Programmable logic devices (PLDs) are a well-known type of integrated circuit that can be programmed to perform specified logic functions. One type of PLD, the field programmable gate array (FPGA), typically includes an array of programmable tiles. These programmable tiles can include, for example, input/output blocks (IOBs), configurable logic blocks (CLBs), dedicated random access memory blocks (BRAMs), multipliers, digital signal processing blocks (DSPs), processors, clock managers, delay lock loops (DLLs), and so forth.
Another type of PLD is the Complex Programmable Logic Device (CPLD). A CPLD includes two or more “function blocks” connected together and to input/output (I/O) resources by an interconnect switch matrix.
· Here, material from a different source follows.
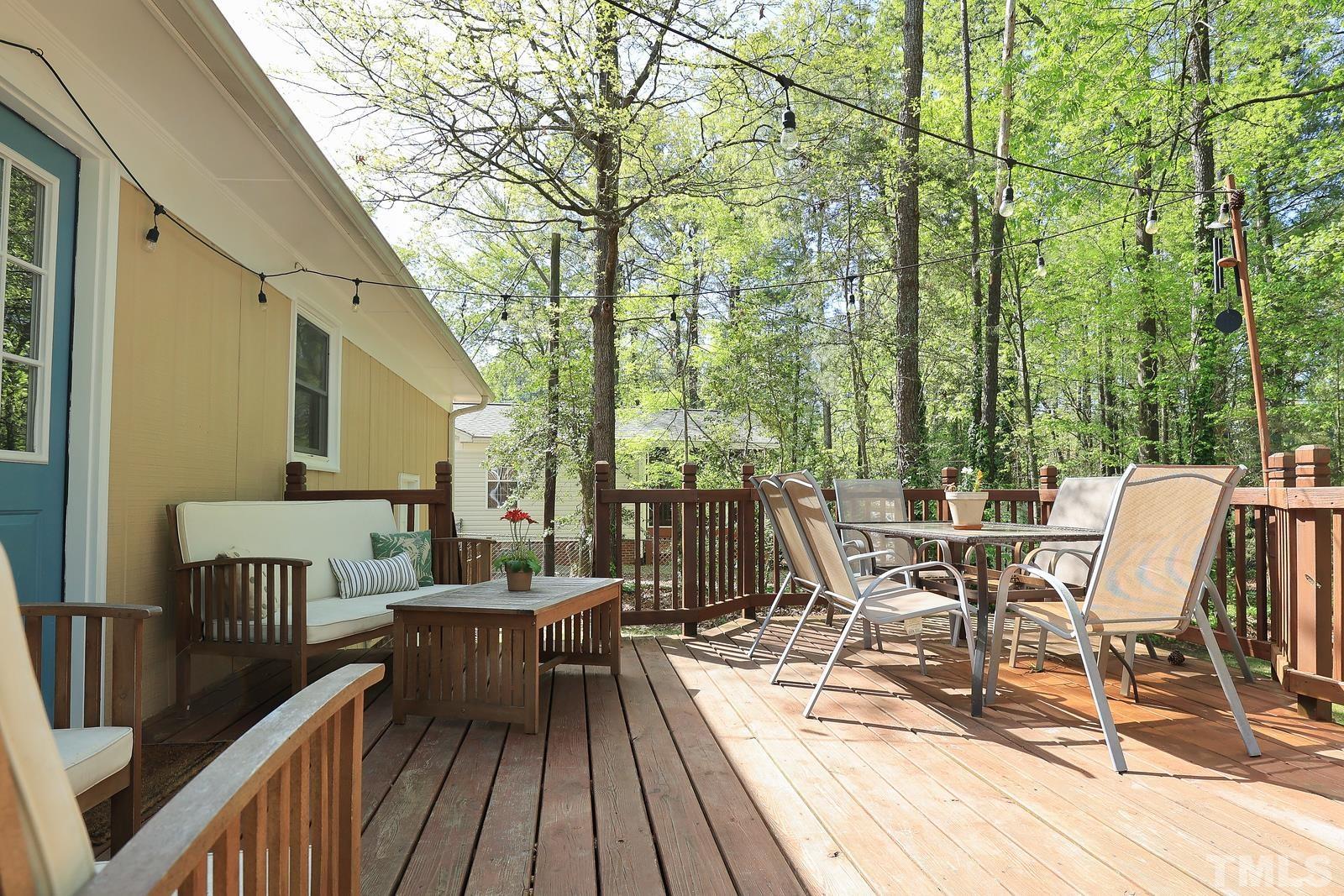5400 McCormick Road Durham, NC 27713 - Photo 19 of 26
Each function block of the CPLD includes a two-level AND/OR structure similar to those used in Programmable Logic Arrays (PLAs) and Programmable Array Logic (PAL) devices. Other PLDs are programmed by applying a processing layer, such as a metal layer, that programmably interconnects the various elements on the device. These PLDs are known as mask programmable devices. PLDs can also be implemented in other ways, for example, using fuse or antifuse technology. The terms “PLD” and “programmable logic device” include, but are not limited to, these exemplary devices and further can include devices that are only partially programmable.
ICs typically suffer from a number of different timing degradations. For example, jitter is one type of timing degradation that refers to a deviation of some aspect of a clock signal within an IC. While jitter can influence many aspects of a circuit design, other timing degradations exist that operate independently of jitter. These timing degradations can result in time delays in data signals as well as variance in the rise and/or fall times of data signals. These timing degradations should be accounted for to better characterize and understand the operation of circuit designs implemented within ICs.